Efficient equivalent to ifelse but with one option in R?


# Two Ordered Vectors

sequenceA <- c(1, 2, NA, 4)
sequenceB <- c(4, 2, NA, 1) 

df <- data.frame(sequenceA, sequenceB)


sum(ifelse(!is.na(df[1,]), 888, 1) == ifelse(!is.na(df[2,]), 999, 1)) # Number of NA values that are in the same position
#? Number of non-NA values that are in the same position

Let's say I have two observations in a dataframe and I want to compare how similar they are. I want to know specifically two things: how many missing values for specific variables they have in common, and how many non-missing values for specific variables they have in common.

From what I see, neither intersect, %in% or match functions serve for this purpose as they do not consider the order of the values, only if they are found within the set.

I have come with a one-line solution to check the NA values, by replacing by a number (otherwise it just returns NA).

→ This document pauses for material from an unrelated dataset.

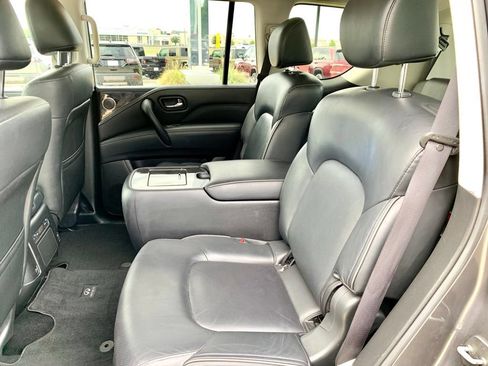 Used 2024 INFINITI QX80 Luxe AWD/4WD image 19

Then I want to compare only the overlap among non-NA values, hence I would like to replace the NA for sequenceA with one placeholder value (e.g. "555") and the NA for sequenceB with one different placeholder value (e.g. "666").

I am looking for a one line solution to this: if there was an equivalent to ifelse without the else or a do nothing option, I can see it easily. Most of the similar questions that address this get the reply to just subset the vector and re-assign (<-) a value or use the if(){} commands, which make the solution excessively long (specially if it's something I find myself wanting to do usually). Am I missing an optimal good practice solution in R to this kind of problem?


Solution

  • To get missing values for specific variables they have in common, you can use

    sum(is.na(df$sequenceA) & is.na(df$sequenceB))
    #[1] 1
    

    This can also be read as the number of NA values that are in same position.


    To get how many non-missing values for specific variables they have in common

    sum(!is.na(df$sequenceA) & !is.na(df$sequenceB))
    #[1] 3
    

    This can also be read as the number of non-NA values that are in same position.


    To check for same value, we can do

    sum(df$sequenceA == df$sequenceB, na.rm = TRUE)